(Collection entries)
——————————

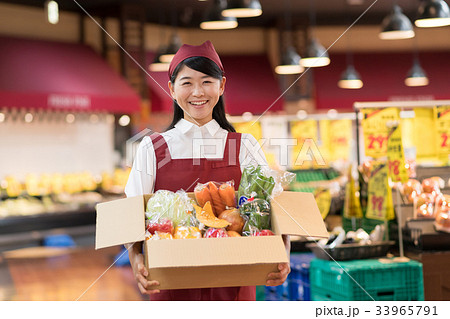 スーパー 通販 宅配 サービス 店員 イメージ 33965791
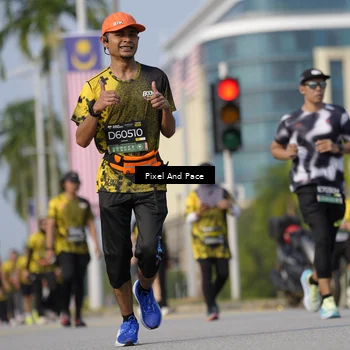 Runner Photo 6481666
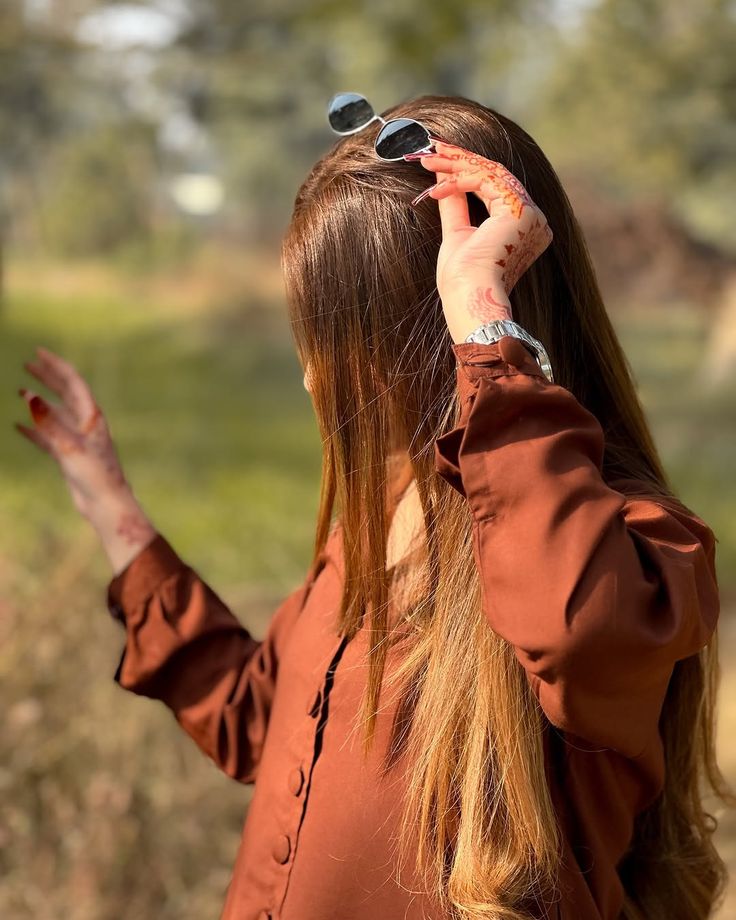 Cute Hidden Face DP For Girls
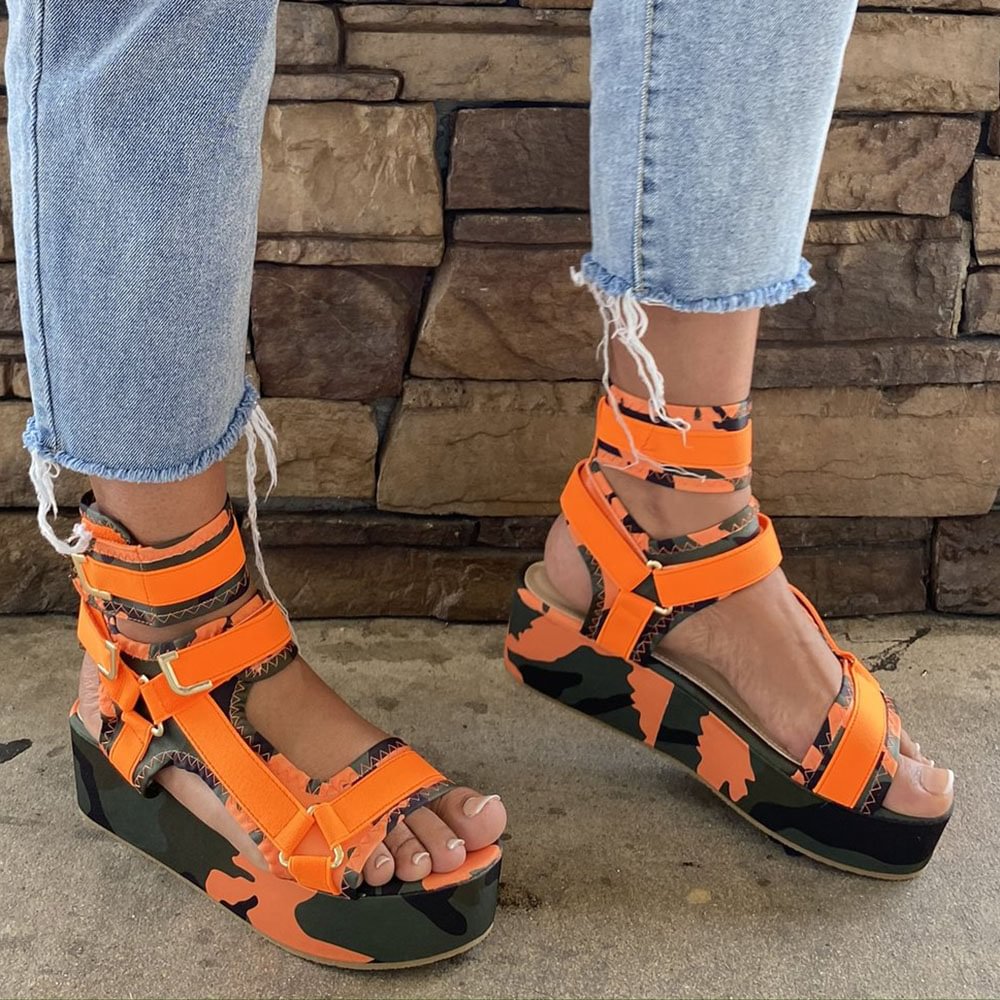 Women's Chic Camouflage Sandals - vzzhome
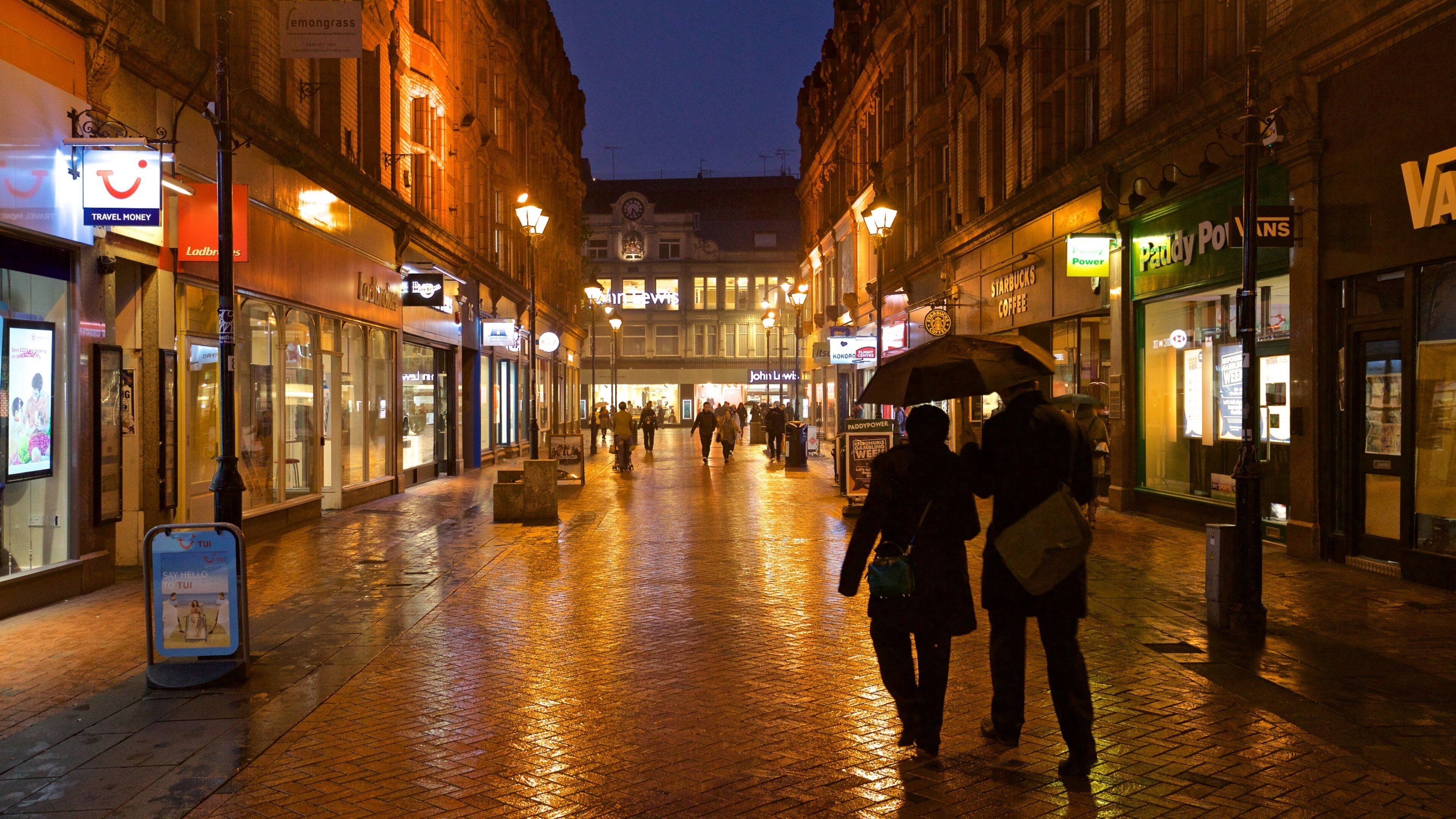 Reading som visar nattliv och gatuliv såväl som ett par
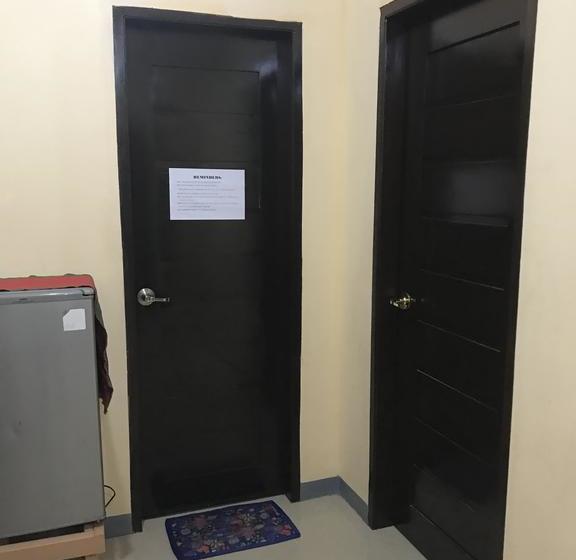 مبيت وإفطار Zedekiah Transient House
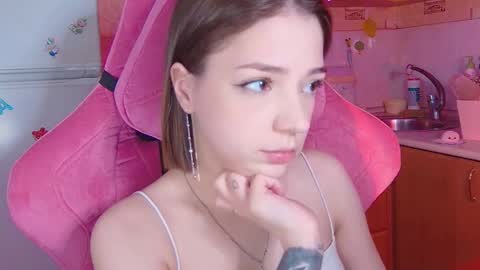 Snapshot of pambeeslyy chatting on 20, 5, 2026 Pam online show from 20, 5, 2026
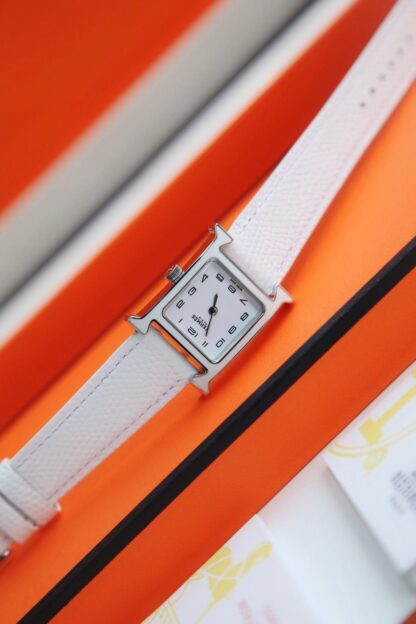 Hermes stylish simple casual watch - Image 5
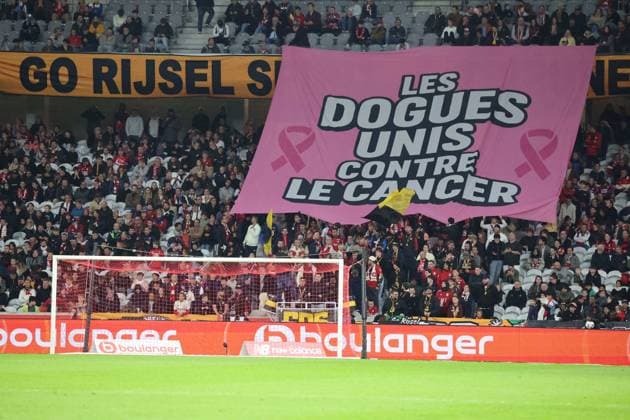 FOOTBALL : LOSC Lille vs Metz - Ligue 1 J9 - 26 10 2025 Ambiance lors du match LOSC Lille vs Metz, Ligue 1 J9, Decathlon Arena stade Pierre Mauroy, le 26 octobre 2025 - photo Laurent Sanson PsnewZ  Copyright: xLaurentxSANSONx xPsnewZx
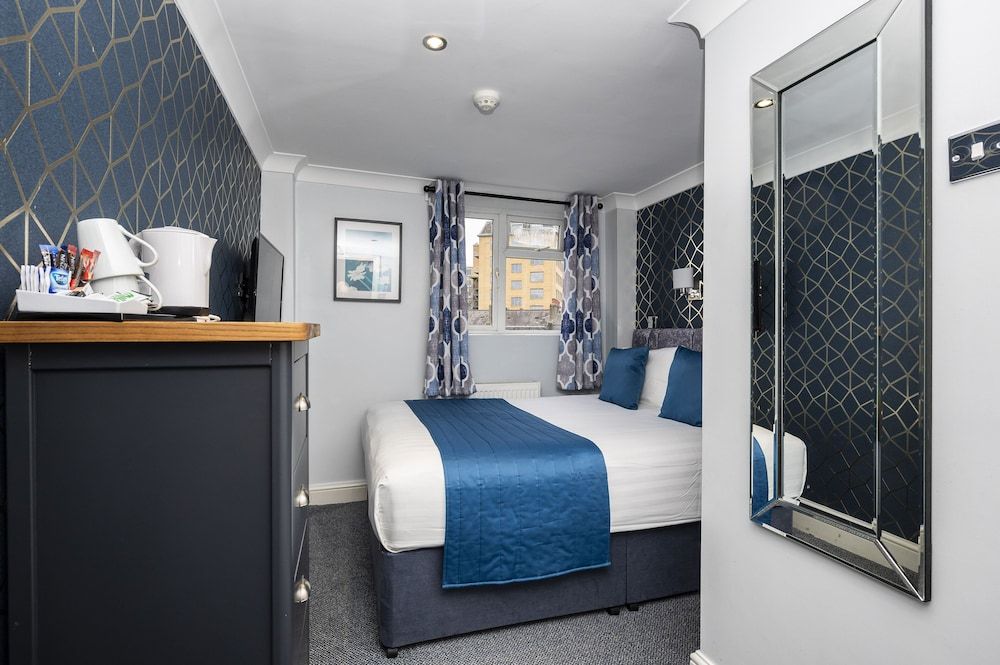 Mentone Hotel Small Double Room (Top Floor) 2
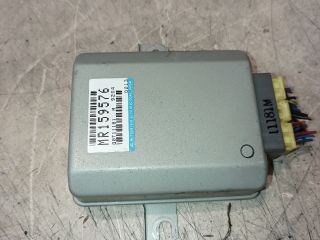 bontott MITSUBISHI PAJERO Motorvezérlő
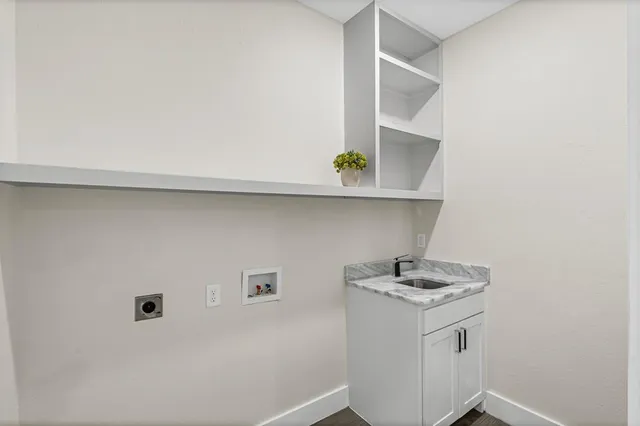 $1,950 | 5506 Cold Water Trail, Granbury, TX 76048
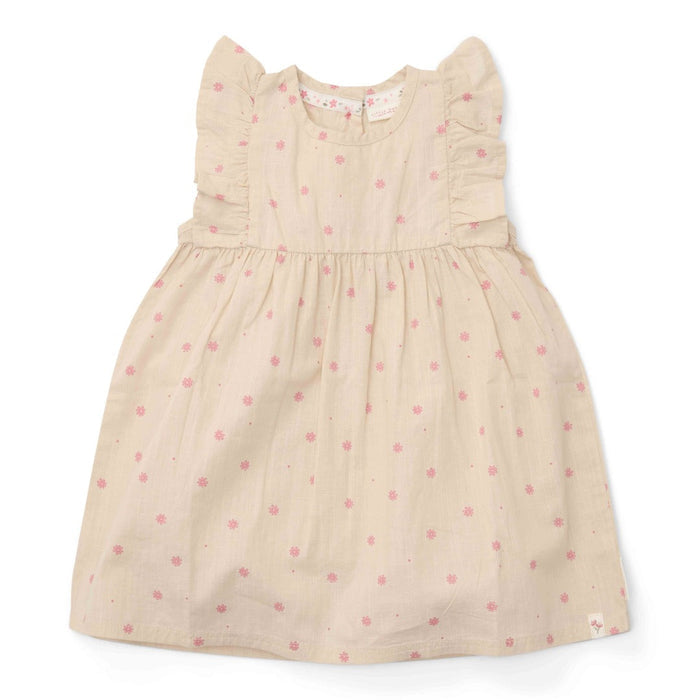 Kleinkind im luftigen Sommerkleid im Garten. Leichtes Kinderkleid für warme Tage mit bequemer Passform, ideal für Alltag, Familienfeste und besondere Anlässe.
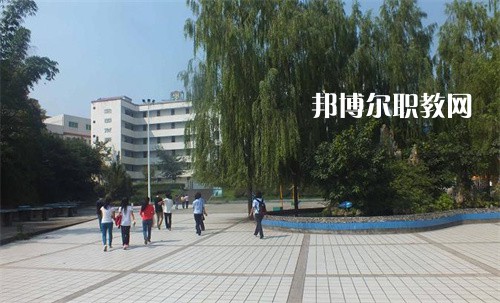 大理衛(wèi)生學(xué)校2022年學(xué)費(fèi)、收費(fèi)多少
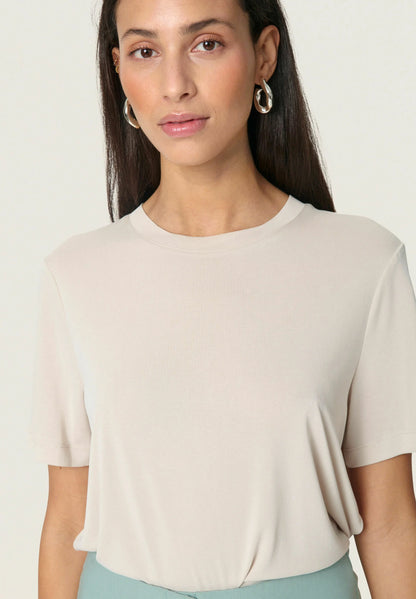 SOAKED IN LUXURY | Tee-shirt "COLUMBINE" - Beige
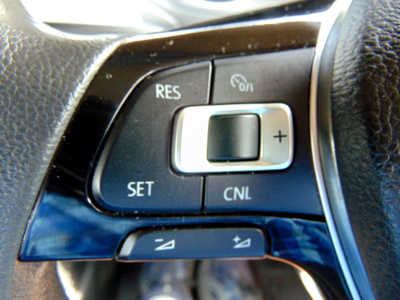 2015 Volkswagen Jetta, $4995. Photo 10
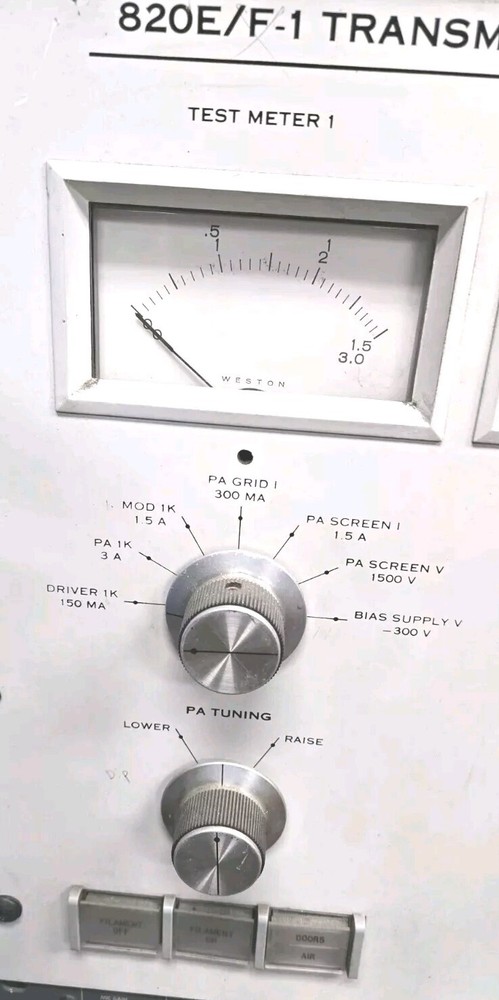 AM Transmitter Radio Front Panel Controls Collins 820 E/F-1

——————————

The problem: Give again, word for word, only the lines that run from the top of the data above through the line with "FOOTBALL : LOSC". Drop the pictures.

Task response:
 スーパー 通販 宅配 サービス 店員 イメージ 33965791
 Runner Photo 6481666
 Cute Hidden Face DP For Girls
 Women's Chic Camouflage Sandals - vzzhome
 Reading som visar nattliv och gatuliv såväl som ett par
 مبيت وإفطار Zedekiah Transient House
 Snapshot of pambeeslyy chatting on 20, 5, 2026 Pam online show from 20, 5, 2026
 Hermes stylish simple casual watch - Image 5
 FOOTBALL : LOSC Lille vs Metz - Ligue 1 J9 - 26 10 2025 Ambiance lors du match LOSC Lille vs Metz, Ligue 1 J9, Decathlon Arena stade Pierre Mauroy, le 26 octobre 2025 - photo Laurent Sanson PsnewZ  Copyright: xLaurentxSANSONx xPsnewZx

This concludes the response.